Ma ci credevano i benandanti e le donne che dicevano di andare di notte al seguito della Signora del gioco, di una divinità femminile. Diana?
Quella è l’interpretazione di chierici e inquisitori. Lo storico, a mio parere, deve seguire un’altra strada, ossia partire da quei passi dei processi in cui le risposte degli imputati, donne e uomini, non coincidevano con le aspettative degli inquisitori. E la distanza culturale tra gli uni e gli altri era profondissima. In Storia notturna racconto di una predica in cui, intorno alla metà del Quattrocento, il vescovo di Bressanone, il grande filosofo Niccolò Cusano, riconosce Diana nelle confessioni di due vecchie della Val di Fassa, che parlavano di una “buona signora”, che chiamavano Richella, madre della ricchezza e della buona sorte. Cusano cercò di convincerle che avevano solo sognato, ma non ci riuscì. La loro era un’estasi, un sogno ripetuto e modellato culturalmente, molto lontano dalla nostra idea di sogno”.
Come accadeva anche alle mistiche e alle sante, che pure spesso erano in grado di volare durante l’estasi?
Uno storico ungherese, Gábor Klaniczay, ha messo a confronto processi di stregoneria e processi di canonizzazione.
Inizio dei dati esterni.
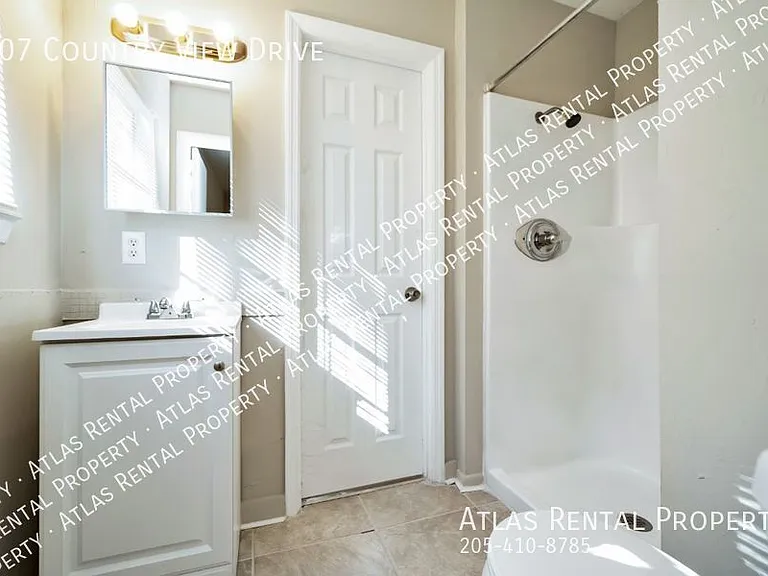 607 Country View Dr — Photo 18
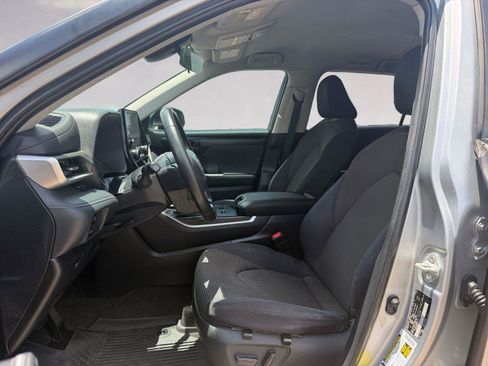 Used 2023 Toyota Highlander LE FWD image 9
Se fossi un inquisitore risponderei: il diavolo scimmiotta l’operato di Dio.
Ma come è possibile che un patrimonio come quello della nostra cultura contadina non si sia travasato, come è avvenuto in altri paesi, in una produzione sistematica di letteratura fantastica?
La risposta va cercata sul lato letterario. Gli sviluppi letterari di questi temi hanno trovato in Italia la stessa resistenza che venne opposta, molto spesso, al romanticismo.
A differenza di quanto avvenuto in Scozia, dove i sogni e i viaggi delle fate sono molto simili a quelli delle nostre streghe?
Quella tra fate buone e streghe cattive è una distinzione formulata da chierici e inquisitori. Tanti anni fa mi imbattei in un processo modenese del ‘500, dove si trovava, trascritta in latino, la frase pronunciata da un testimone: Qui scit sanare scit destruere, chi sa guarire sa distruggere. Gli storici non devono partire, come spesso hanno fatto, dalla categoria del male, ma dall’ambiguità che è al centro dei poteri magici.
Che è la chiave dell’opera di Tolkien, in effetti. Accedere all’altro mondo significa anche assistere o partecipare alle processioni o alle cavalcate notturne dei morti?
In area germanica la cavalcata notturna ha una caratteristica guerresca e maschile, e alla testa c’è un demone notturno, Hellequin, che diventerà Arlecchino. In Friuli la processione dei morti è parte dell’esperienza delle donne benandanti, mentre i benandanti maschi combattono per la fertilità, armati di rami di finocchio, contro streghe e stregoni. Sono tutte figure di mediazione con l’aldilà, capaci di andare e tornare dall’altro mondo. E questa, come ho scritto nelle ultime righe di Storia notturna, è la matrice di tutti i racconti possibili”.